There are dozens of exercises in your book. Do you have to do them all regularly to turn back the hands of time for your face?
It’s not so much a question of turning back the hands of time as of maintaining the good condition of your skin on a daily basis. Diligence will pay off and underwrite its effectiveness. The idea is not to do all the exercises. That’s why I have established a routine in the book according to each toning problem that arises according to age and issue.
read more: People are ‘mewing’ to sculpt their faces, but does this beauty technique work?
Is there one that you consider a must?
Actually, to be precise, I have two. The first one is the one that deals with the shape, the contour of the face. It’s about stopping its slackening by working on the digastric muscle. The second is the one that will reorient the face towards the center, working on the cheekbones, with work on lifting the upper lip.

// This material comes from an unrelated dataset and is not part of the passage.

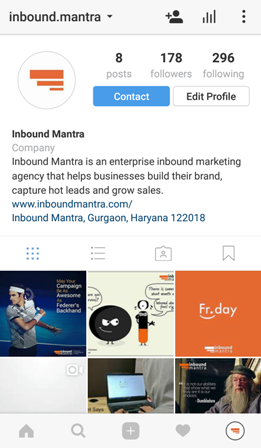 inbound_mantra_instagram_business_profile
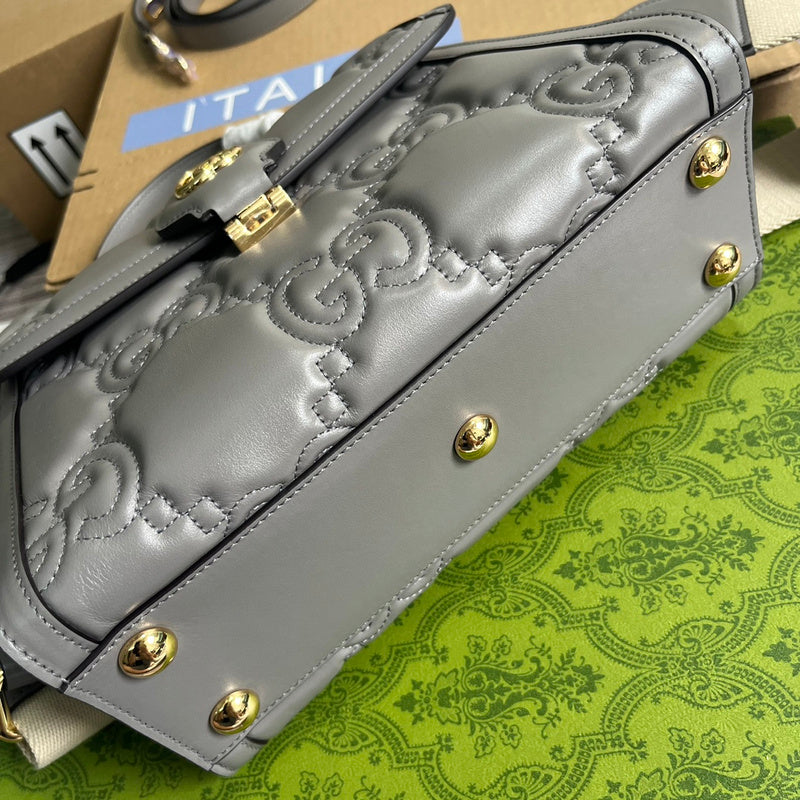 Glami - Glami Bags - 602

Do you think that in the long run these manual methods could come to replace the countless creams that we apply on a daily basis?
Self-massage as well as Jacquet pinching are two important pillars in maintaining the beauty of facial skin. Self-massage, in addition to forcing you to follow the location of facial muscles, will help drain the lymphatic vessels in their path, and smooth out and relax involuntary tension, such as wrinkles between the eyes, for example. Jacquet pinching will stimulate the muscle fiber deep down and give it the impetus it needs to produce hyaluronic acid. However, creams won’t get supplanted, largely because they force us to interact with our skin on a daily basis. They are an integral part of our beauty care. In self-massage, they must be used to allow our fingers to glide over the skin without wrinkling it and at the same time self-massage gestures help them penetrate the epidermis.